掲載日 : [2017-11-15] 照会数 : 7886
「川越唐人揃い」パレード華やかに…「通信使 世界遺産」を祝賀
[ 小江戸・川越の蔵造り通りを400人が行進した ]
[ 正使役の柳鍾穆さん(左)と榎本弥左衛門役の長島威さんが俳句と時調を交換し固い握手 ]
【埼玉】朝鮮通信使のユネスコ世界記憶遺産登録を祝う意味を込めた「第13回川越唐人揃い‐多文化共生・国際交流パレード」(同実行委員会主催、駐日韓国大使館など後援)が12日、「小江戸」の魅力あふれる川越市の蔵造り街並み一帯で実施された。今年は18団体の約400人が、アジアや中近東の国々の民族衣装を着て、約1・5キロを練り歩き、伝統音楽を奏でたり、民族舞踊などで沿道の人たち約3万人(主催者発表)を楽しませた。
子孫も来日参加
川越には朝鮮通信使が来ていない。しかし、1655年に江戸で朝鮮通信使を見た川越の豪商、榎本弥左衛門が行列の感動を日記に書き残し、1700年頃の川越氷川礼祭(川越祭り)で朝鮮通信使の仮装行列である唐人揃いを実施した。唐人とは外国人を指す言葉だった。
今年で13回目を迎える唐人揃いの開会式で江藤善章実行委員長は「朝鮮通信使の世界遺産登録が実現した。日韓友好だけではなく、世界平和がいかに素晴らしいか。今日はみんなで感じよう」と力強くアピールした。
川合善明川越市長は「この祭りが毎年大きくなってきた。通信使のユネスコ登録も実現し、おめでたい。いろいろな民族が仲良く多文化共生で広がり、友好交流につながればいい」と述べた。

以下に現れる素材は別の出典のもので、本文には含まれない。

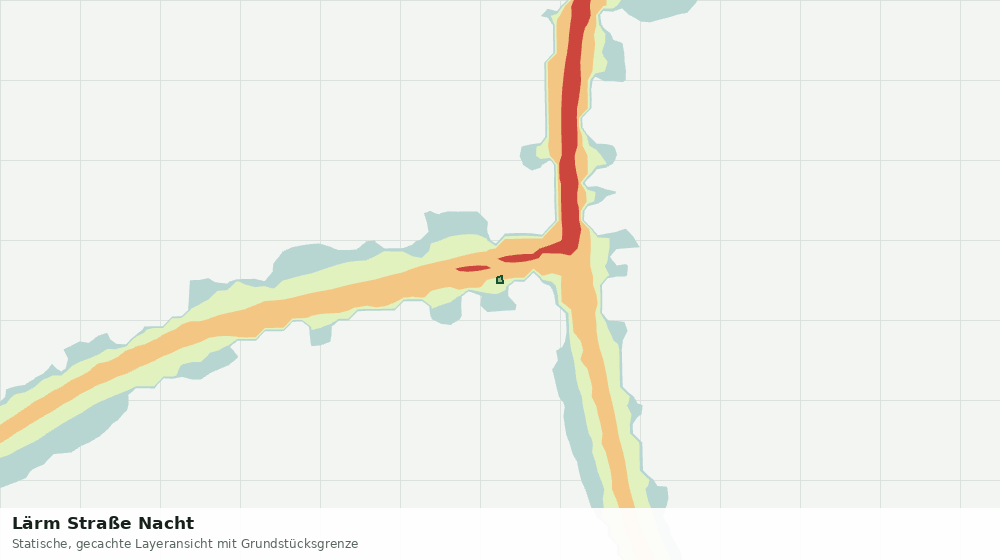 Statische Kartenansicht: Lärm Straße Nacht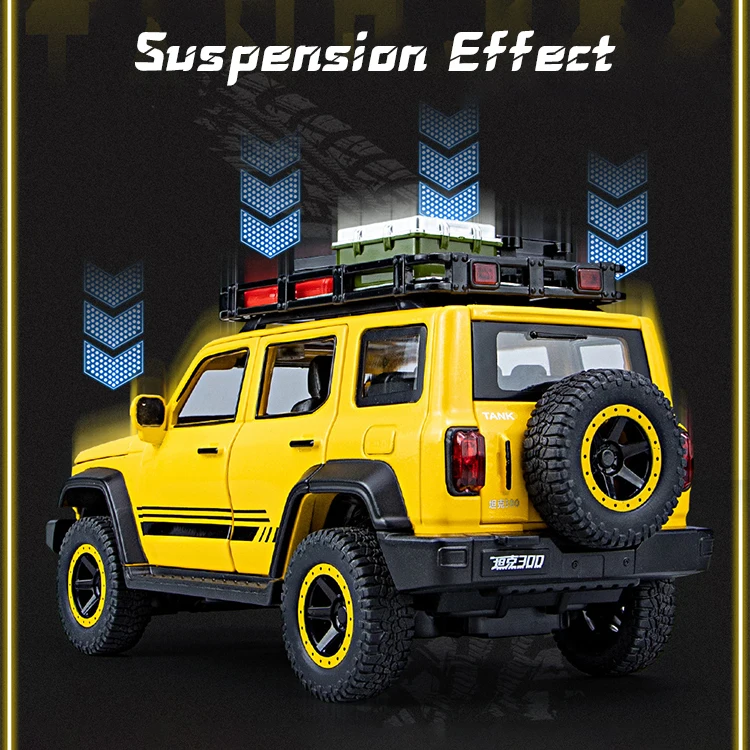 ZHIGUANTIANXIA 1/24 Scale Diecast Cars Model Tank 300 Alloy Car Toy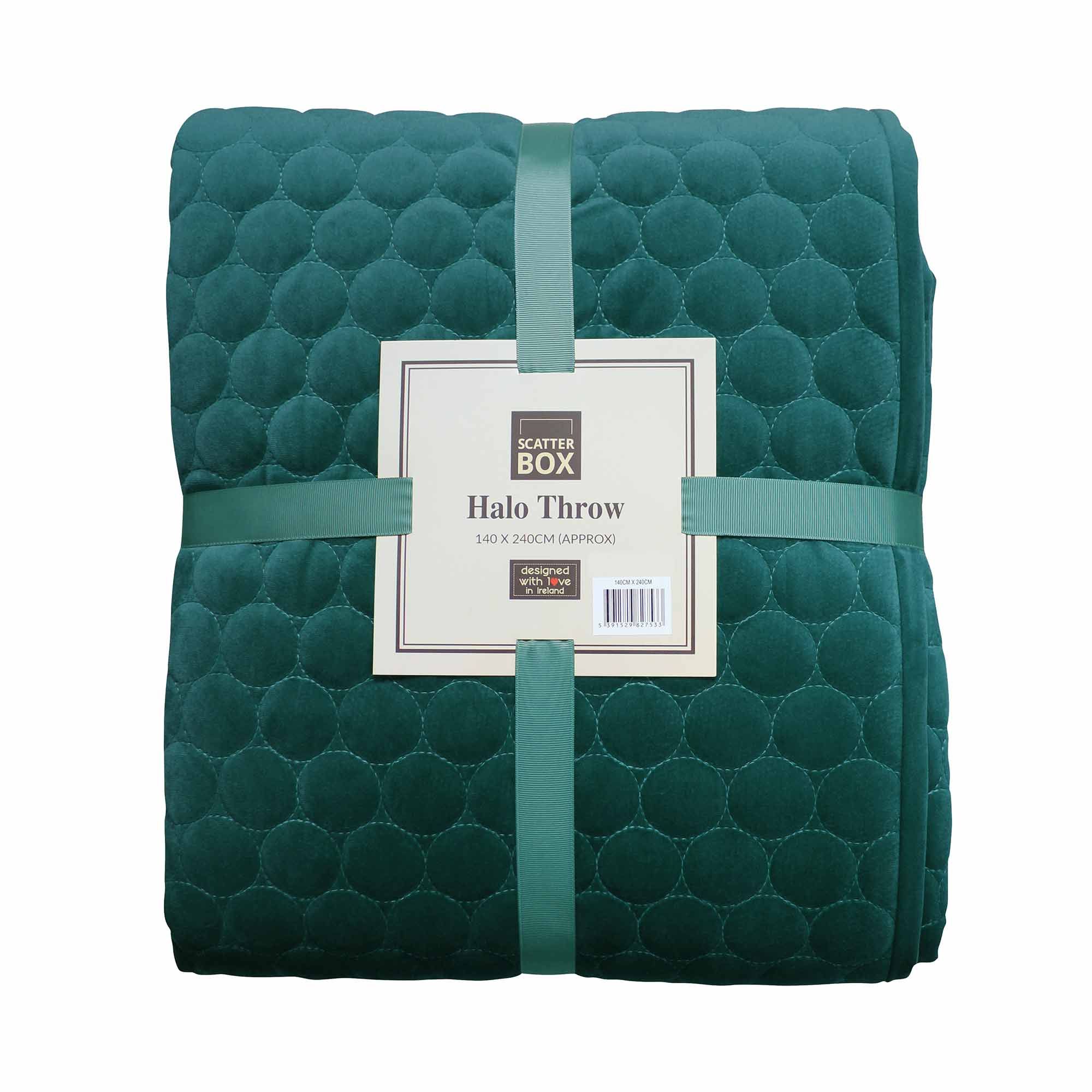 Scatterbox Scatter Box Halo Throw 140cm x 140cm Teal Throws Meubles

祭りのメーンは、やはり朝鮮通信使の行列だ。正使役はユネスコ登録申請をした韓国側の団体、釜山文化財団の柳鍾穆代表理事。多忙な日程をさいて来日した。副使は元ソウル市職員で、自転車でソウルから東京を走る「通信使」として5回この祭りを訪れている朴成培さんが務めた。韓国からはこのほか、「朝鮮通信使子孫の会」の趙誠斗、申箕秀、申慶植、申浩、金玄鎮氏ら5人も行列に参加した。
柳代表理事は「多様な文化交流を対馬、下関、瀬戸内、静岡などで行ってきた。相互の人間関係を築き、結束し、登録実現につながった。川越の祭りも100年続けば、伝統になる。今後も韓日関係の持続的な関心と協力を」と呼びかけた。

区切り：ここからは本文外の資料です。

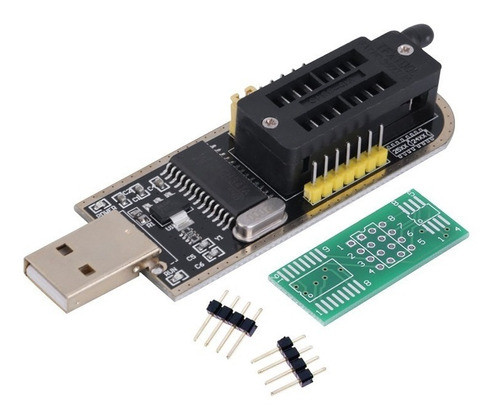 Combo Programador Usb Ch341a Black + Pinza Con Cable 1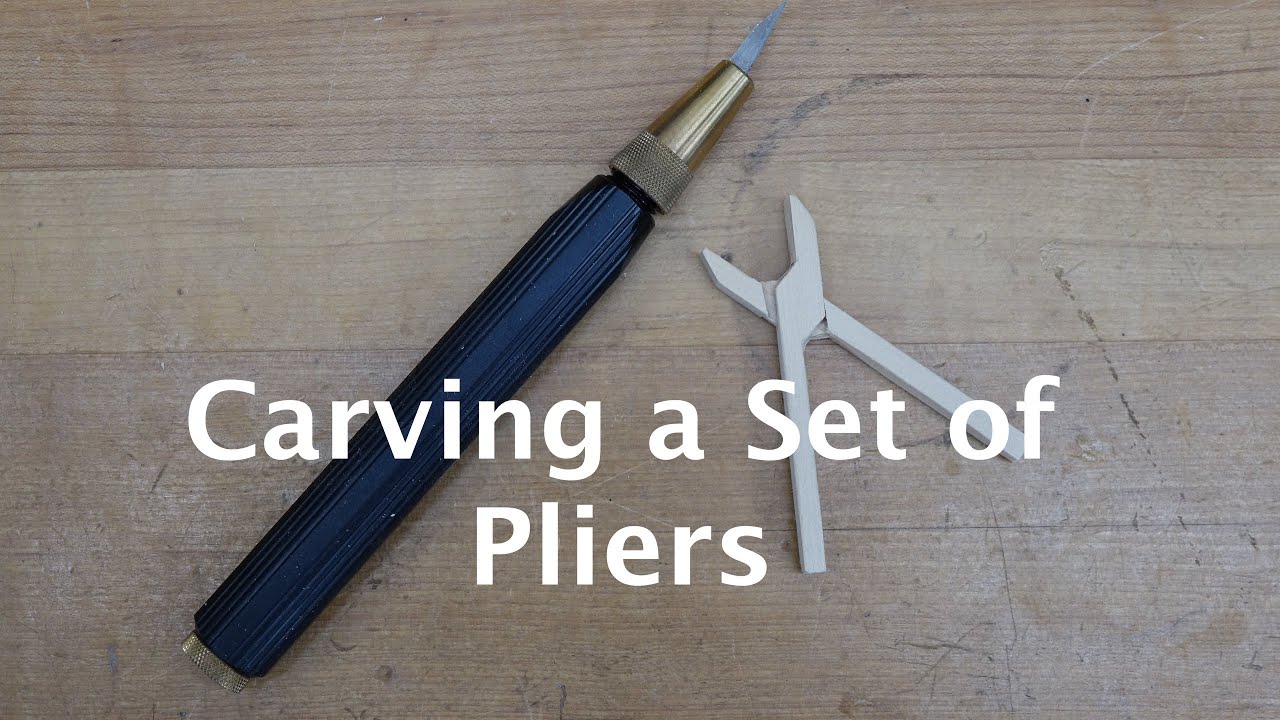 Carving a Set of Pliers
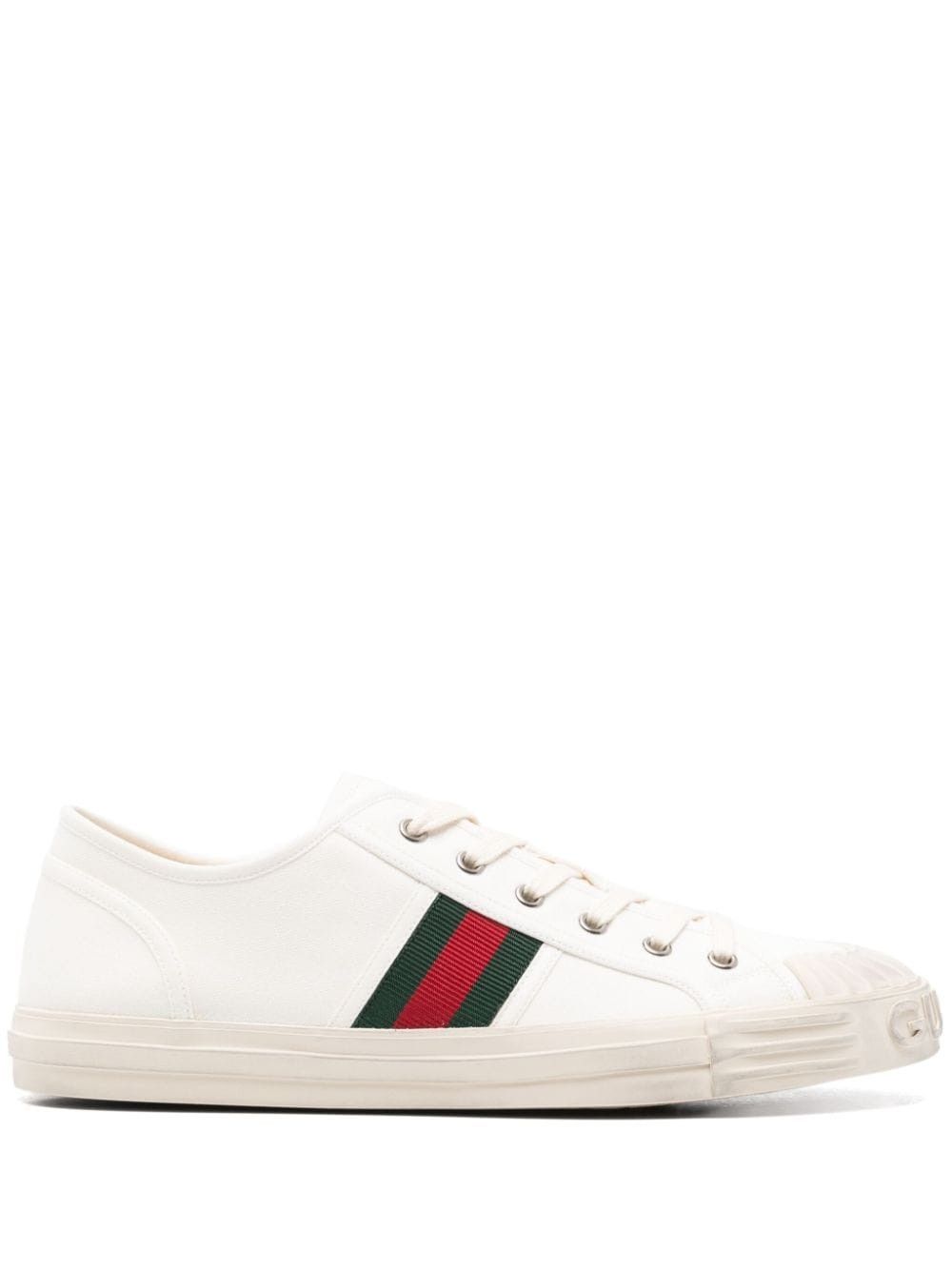 o1loc1c0625 Web-Trim Sneakers in White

パレード中間地点でのセレモニーでは、榎本弥左衛門役の長島威さん(元町町会長)と柳正使役の間で「国書」の代わりに、当時の「筆談唱話」の再現でそれぞれが詠んだ「俳句」と「時調」、揮毫が披露され、交換された。日本側の書は「絆」、韓国側は「誠信」だった。子ども通信使の金澤里華さんからは「良き友」と書かれた楷書の文字が榎本役の長島さんに贈られた。

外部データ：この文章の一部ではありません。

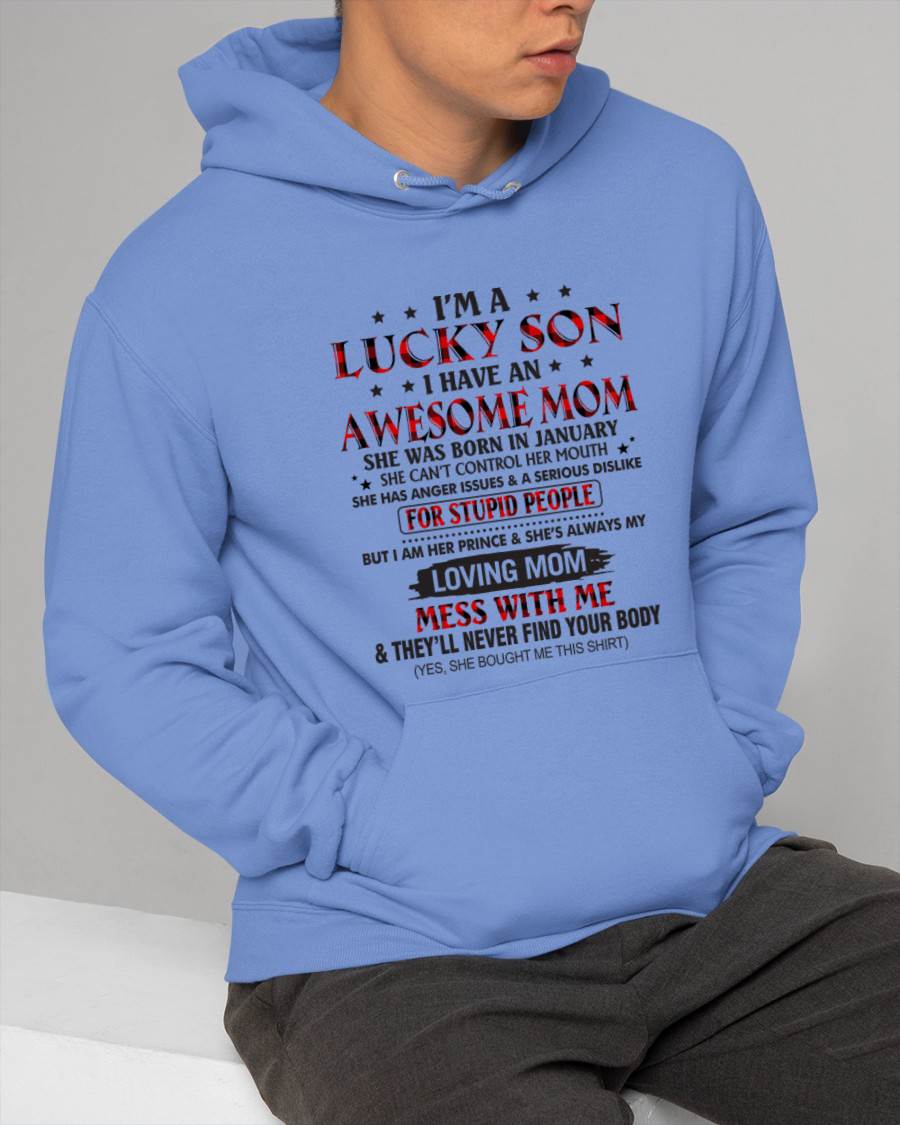JANUARY - I’M A LUCKY SON I HAVE AN AWESOME MOM - FROM MOM - TLEE01 (SKU26T-01-24-01)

「子孫の会」の趙さんは足が悪く杖をついていた。「通信使の子孫と紹介された時、沿道の方々がどよめき、アンニョンハセヨと声をかけられたのが、とても嬉しかった」と喜び、完歩した。
小川満事務局長は「ユネスコ登録を機会に、もっと通信使の歴史を知ってもらいたい。これからの日韓の友好関係がさらに深まることを祈っている」と祭りを振り返った。柳代表理事は「通信使が通らなかった川越で市民の力でこのようなパレードができることは素晴らしい。ユネスコ登録も市民の支援があったからこそだ。韓日関係も朝鮮通信使の『誠信』の精神で関係改善に努めてほしい」と結んだ。